包含編碼GDF15分子和/或Fc分子的核酸序列的載體可以藉由轉化或轉染，例如藉由本領域已知的方法，引入至宿主細胞中。

可以經由病毒載體將編碼GDF15分子的核酸放置於和/或遞送至宿主細胞或宿主動物。病毒載體可包含單獨的或與一個或多個病毒蛋白組合的任何數量的病毒多核苷酸，病毒蛋白促進本發明的核酸在所希望的宿主細胞中的遞送、複製和/或表現。該病毒載體可以是多核苷酸，該多核苷酸包含病毒基因組的全部或部分、病毒蛋白/核酸綴合物、病毒樣顆粒(VLP)或包含病毒核酸和編碼包含GDF15區的多肽的核酸的完整的病毒顆粒。病毒顆粒病毒載體可包含野生型病毒顆粒或經修飾的病毒顆粒。該病毒載體是如下載體：該載體的複製和/或表現需要另一種載體或野生型病毒(例如腺病毒載體擴增子)的存在(例如，病毒載體可以是輔助依賴性病毒)。在此方面，合適的病毒載體顆粒包括例如，腺病毒載體顆粒(包括屬於或衍生自腺病毒科病毒的任何病毒)、腺相關病毒載體顆粒(AAV載體顆粒)或其他的細小病毒和細小病毒載體顆粒、乳頭狀瘤病毒載體顆粒、黃病毒載體、甲病毒載體、皰疹病毒載體、痘病毒載體、逆轉錄病毒載體(包括慢病毒載體)。

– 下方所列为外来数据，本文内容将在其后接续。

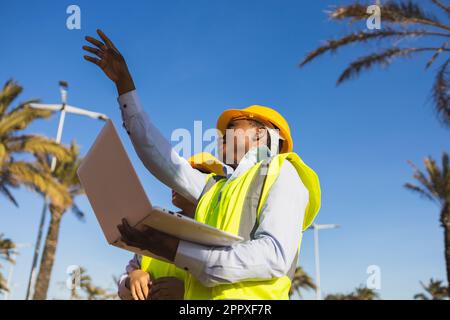 Low angle of young woman builder in uniform and helmet standing and using laptop while discussing project during work Stock Photo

GDF15分子可以使用標準蛋白純化方法分離。包含GDF15區的多肽可以從已經工程化以表現包含GDF15區的多肽的細胞(例如非天然地表現天然GDF15的細胞)中分離。可以使用本領域已知的蛋白純化方法以及相關的材料和試劑來分離GDF15分子。在本文的實例中也提供了純化GDF15分子的方法。可用於分離GDF15分子的另外的純化方法可在以下參考文獻中找到，例如，Bootcov MR,1997,Proc.Natl.Acad.Sci.USA[美國科學院院刊]94：11514-9,Fairlie WD,2000,Gene[基因]254：67-76。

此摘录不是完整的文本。